Any products manufactured or distributed under FDA approvals are subject to pervasive and continued regulation by the FDA, including record-keeping requirements and reporting of adverse experiences. Drug manufacturers and their subcontractors are required to register with the FDA and, where appropriate, state agencies, and are subject to periodic unannounced inspections by the FDA and state agencies for compliance with cGMP regulations which impose procedural and documentation requirements upon primary and third-party manufacturers.
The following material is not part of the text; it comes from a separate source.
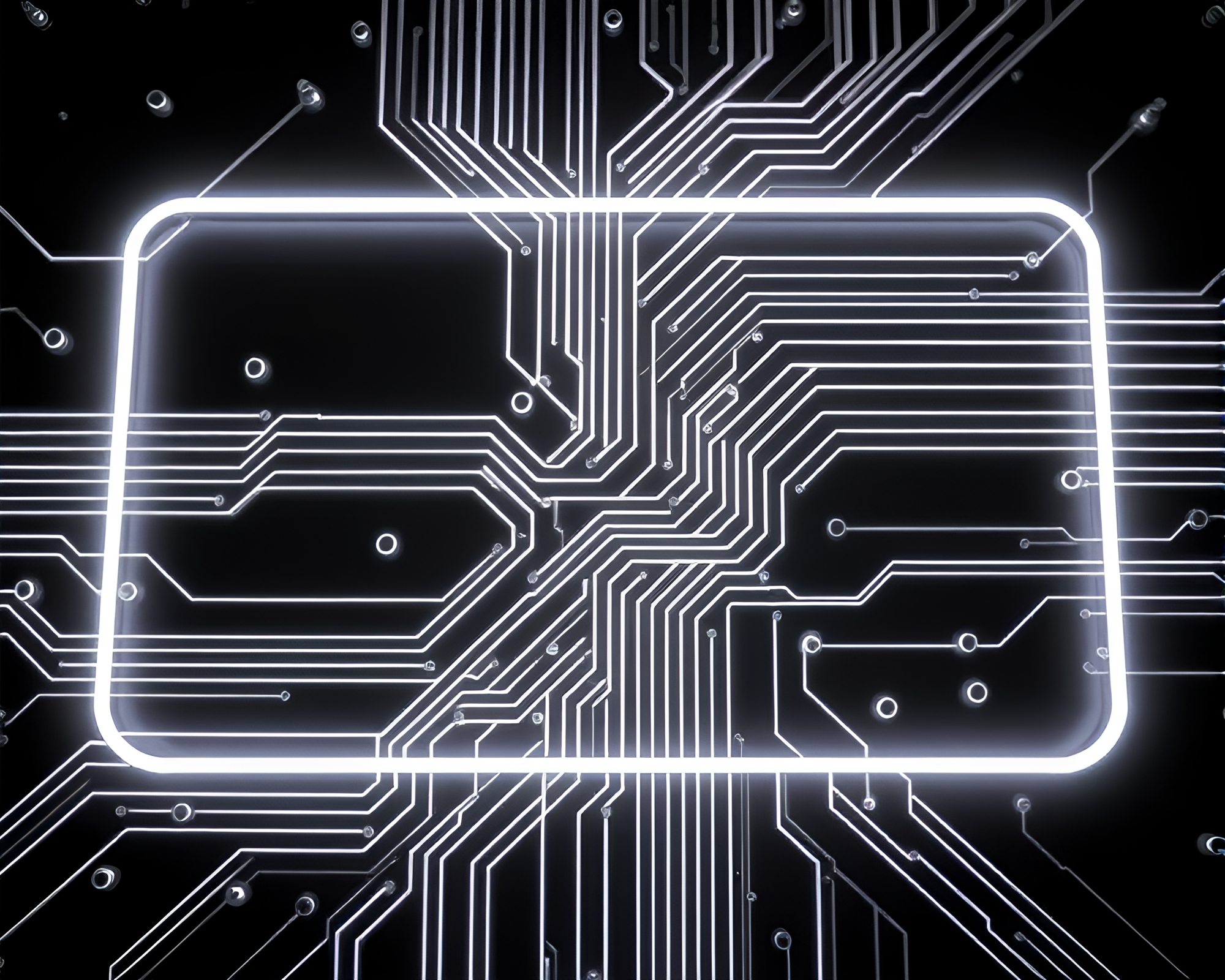 Neon Circuit Board Traces in Charcoal Black Wireframe Render – free AI stock image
The FDA closely regulates the marketing and promotion of drugs. A company can make only those claims relating to safety and efficacy that are approved by the FDA. Failure to comply with these requirements can result in adverse publicity, warning letters, corrective advertising and potential civil and criminal penalties. Physicians may prescribe legally available drugs for uses that are not described in the product’s labeling and that differ from those tested by us and approved by the FDA. Such off-label uses are common across medical specialties. Physicians may believe that such off-label uses are the best treatment for many patients in varied circumstances. The FDA does not regulate the behavior of physicians in their choice of treatments. The FDA does, however, restrict manufacturer’s communications on the subject of off-label use. The FDA’s policies may change and additional government regulations may be enacted that could prevent or delay regulatory approval of product candidates or approval of new indications after the initial approval of existing products.